Very strange shape

This is a more exact answer.

We want to integrate $y={ x }^{ 2 }$ and the limits would be the intersection to the $2$ graphs. Then we would minus the resultant value from the area of the semicircle of the equation ${ x }^{ 2 }+{ y }^{ 2 }=1$ to get the answer.

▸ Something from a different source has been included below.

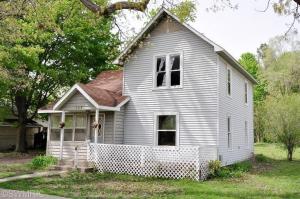 209 E Van Buren St, Gobles, MI 49055 photo 2
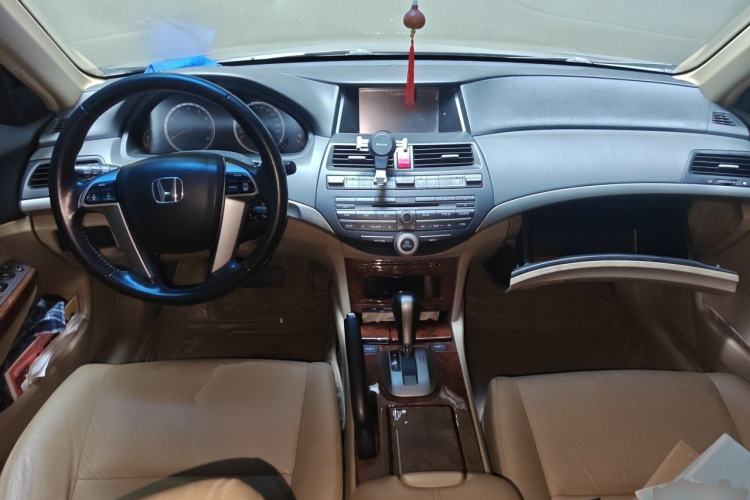 Used Honda Accord 2011 2.0L EX Center Console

Intersection of the two graphs: $\sqrt { 1-{ x }^{ 2 } } ={ x }^{ 2 }$

$x=\pm\sqrt { \frac { 1 }{ 2 } \left[ \sqrt { 5 } -1 \right] }$

So integrating: $\int _{ -\sqrt { \frac { 1 }{ 2 } \left[ \sqrt { 5 } -1 \right] } }^{ \sqrt { \frac { 1 }{ 2 } \left[ \sqrt { 5 } -1 \right] } }{ { x }^{ 2 } } dx\approx 0.32391$

And therefore, the answer is: $\frac { 1 }{ 2 } \pi -0.32391=1.25=\alpha \quad (3s.f)$ $\left\lceil \alpha \right\rceil =\boxed{2}$

First of all, a mistake in wording.I hope you mean area of the intersection, not parabola.

More of Logic than of maths, if time is a concern

The area of circle is $\pi$ sq. units img

The shaded area is $\alpha$ . It's less than half area of circle and bigger than quarter area (note that $\angle BEC > 90^\circ$ )

Then we have $\displaystyle \dfrac{\pi}{4} < \alpha < \dfrac{\pi}{2}$

Thus $\lceil \alpha \rceil = 1$ or $\lceil \alpha \rceil = 2$

Answer is eventually $\boxed{2}$ again, in at the most $2$ attempts.